David Oxenford, of Davis Wright Tremaine LLP, used his Broadcast Law Blog platform to recap the FCC filing with the Supreme Court, and didn’t have a whole lot to add. He did note that the Supremes do not have to listen to this case, but the publicity factor may cause them to put it in play. He also said that SCOTUS moves slow, and noted that we may still be talking about this one a year from now.

Writing for SCOTUSblog, Goldstein Howe & Russell P.C. attorney Lyle Denniston wrote that the FCC lost in the lower court because it ratcheted up its enforcement on fleeting incidents without warning, and then the full body of FCC indecency enforcement came into play because the lower court found the rules in general to be vague to the point that broadcasters cannot know how to comply with them.

Denniston wrote, “The Second Circuit Court, ruling last July — for a second time — in a case of words of profanity uttered by performers during two Fox TV awards shows, struck down the FCC’s ‘indecnecy’ policy as a whole, finding it too vague to inform broadcasters of what was allowed, or not.”

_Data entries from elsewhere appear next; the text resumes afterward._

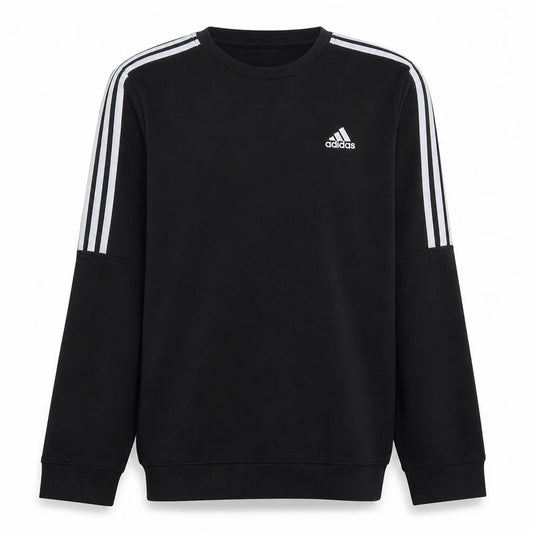 Front view of Adidas Men's Black L Pullover Sweatshirt Fleece Crew Neck Regular Fit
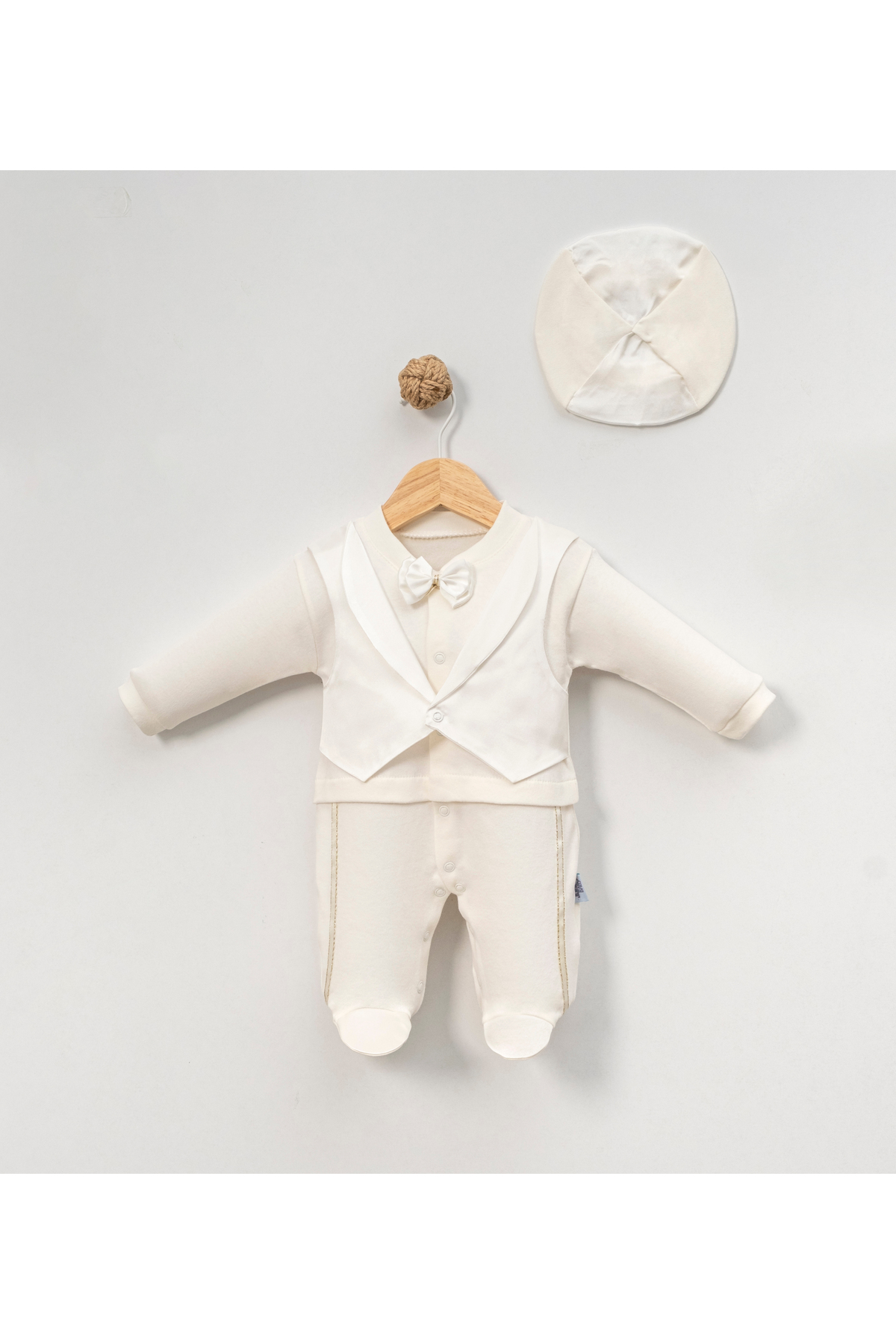 jijek baby kids Erkek Bebek Ekru Smokin Tulum – Papyonlu Yelekli Şapkalı Hastane Çıkışı & Özel Gün Mevlüt Takımı fotoğrafı 2 (önizleme)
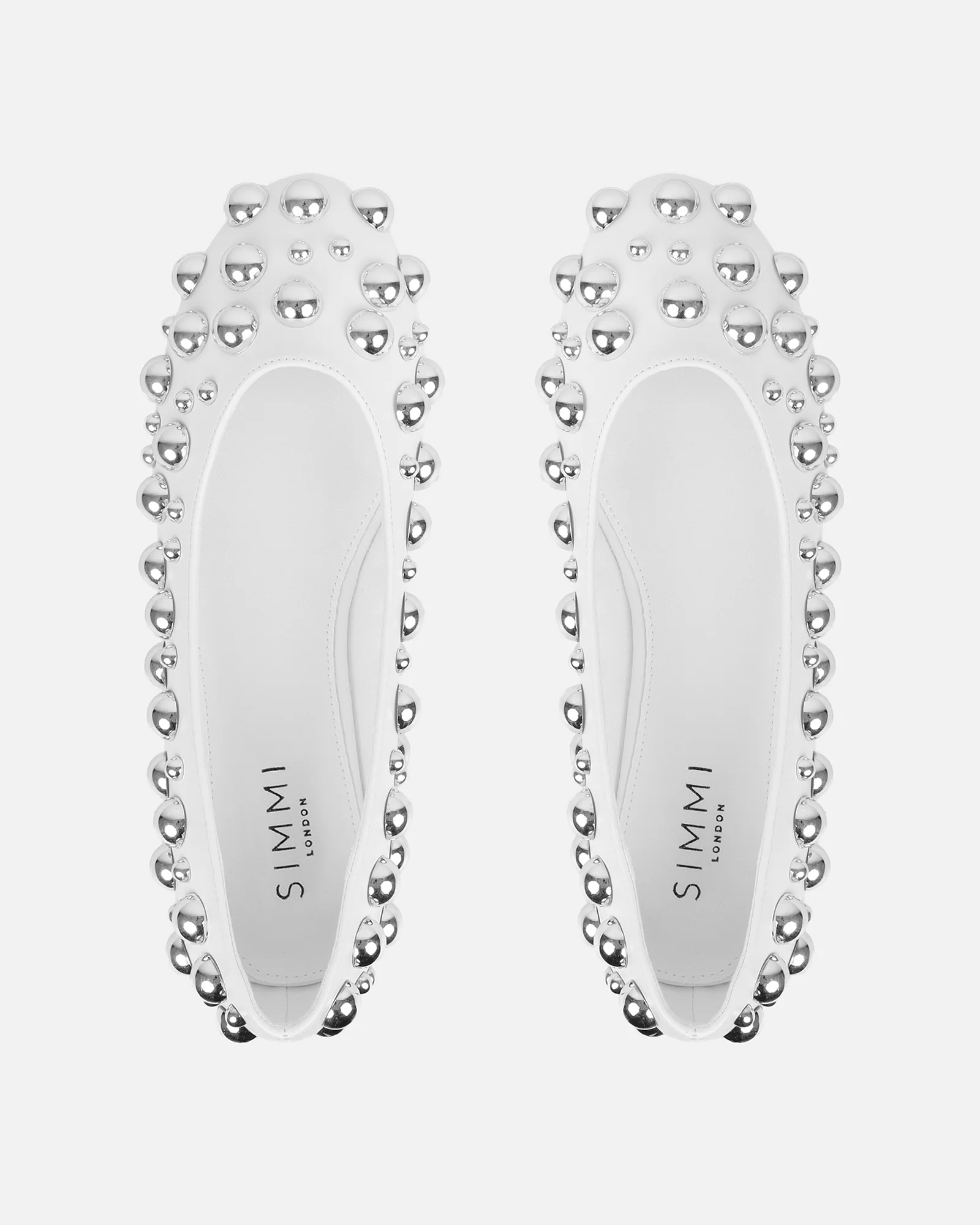 Shan White Studded Ballet - Image 3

Denniston suggested that the infamous Janet Jackson case may soon follow the Fox fleeting expletives and the ABC bared buttocks that are currently on the table. He also said that there is no timetable applicable to the issue at this point.

RBR-TVBR observation: We seem to have a reasonable lay grasp on this issue, based on what we’ve been reading. Broadcasters do not routinely go over the content line, and have never petitioned for the total elimination of indecency regulation to the best of our knowledge. But the FCC, in an attempt to suddenly shift gears in its reaction to fleeting expletives, managed to bring the entire unwieldy indecency regimen into question.

We have a situation where Congressional panic in the wake of the Jackson incident put a new $325K indecency fine on the books – a steep penalty indeed when nobody can even define the crime.

We do know this – steep punishment for fleeting unscripted expletives has a chilling effect on the broadcast of live programming. President George W. Bush even uttered an expletive within earshot of a live mic during his tenure at the White House. Even as Congress was overreacting to Jackson with its new fine, the FCC was busy overreacting with its new fleeting expletive crackdown. If it had just not gone there at all, it might have the rest of its indecency policy in place and in force even as we speak.